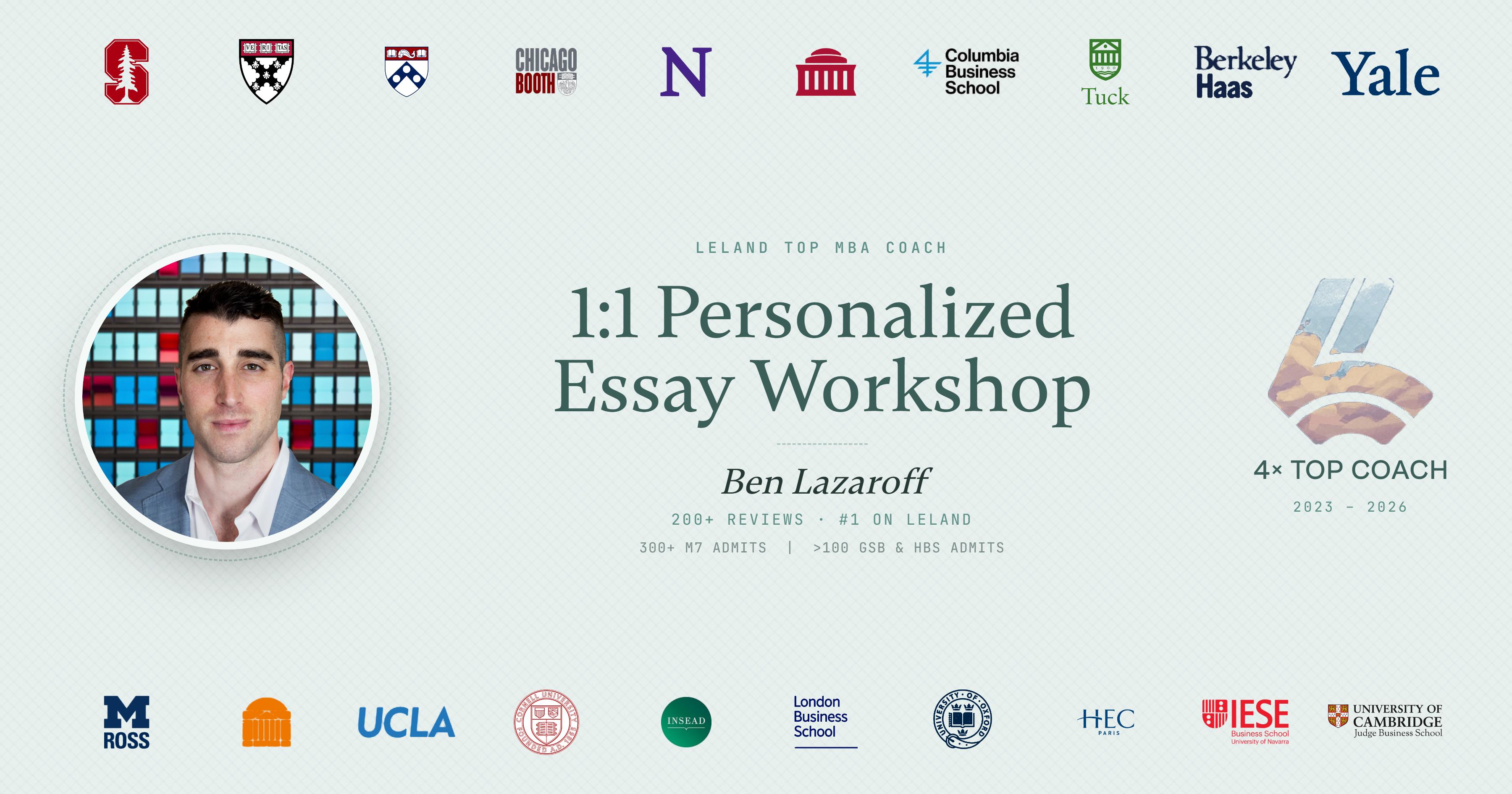 1:1 Personalized Essay Workshop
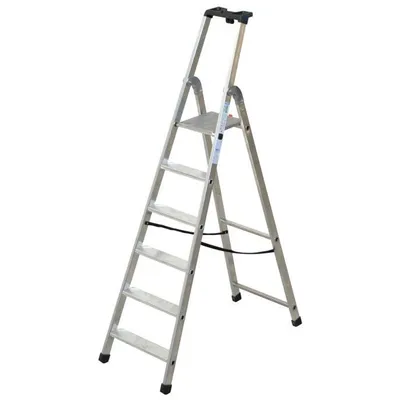 Immagine prodotto di Scala In Alluminio Quadra En131 - 6 gradini cm.53x11,5x196h (136h pedana) kg.7,5
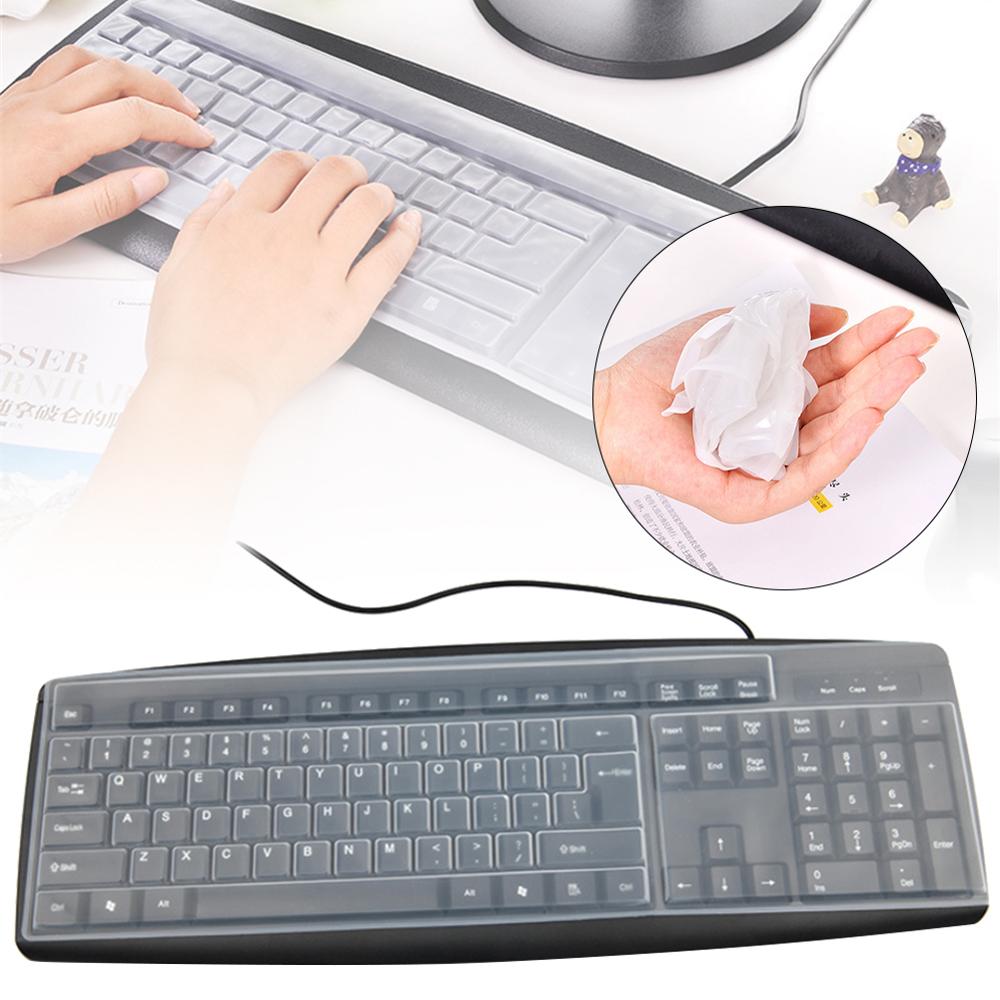 Silicone ordinateur de bureau clavier couverture peau protecteur mince étanche Transparent protecteur Film outils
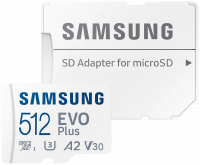 Карта памяти Samsung microSDXC 512 ГБ Class 10, V30, A2, UHS-I U3, R 130 МБ/с, адаптер на SD фото в интернет-магазине flywares.ru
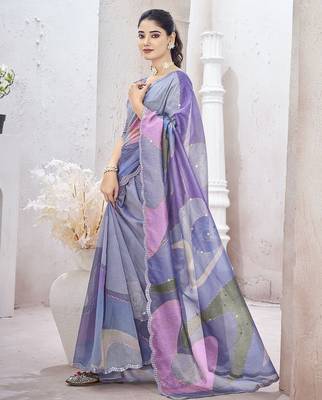 Purple embroidered organza saree 2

* * *

Task prompt » Copy, word for word, the entries above from the first line to the line that holds "Карта памяти Samsung". Drop the pictures.

Written solution »
 1:1 Personalized Essay Workshop
 Immagine prodotto di Scala In Alluminio Quadra En131 - 6 gradini cm.53x11,5x196h (136h pedana) kg.7,5
 Silicone ordinateur de bureau clavier couverture peau protecteur mince étanche Transparent protecteur Film outils
 Карта памяти Samsung microSDXC 512 ГБ Class 10, V30, A2, UHS-I U3, R 130 МБ/с, адаптер на SD фото в интернет-магазине flywares.ru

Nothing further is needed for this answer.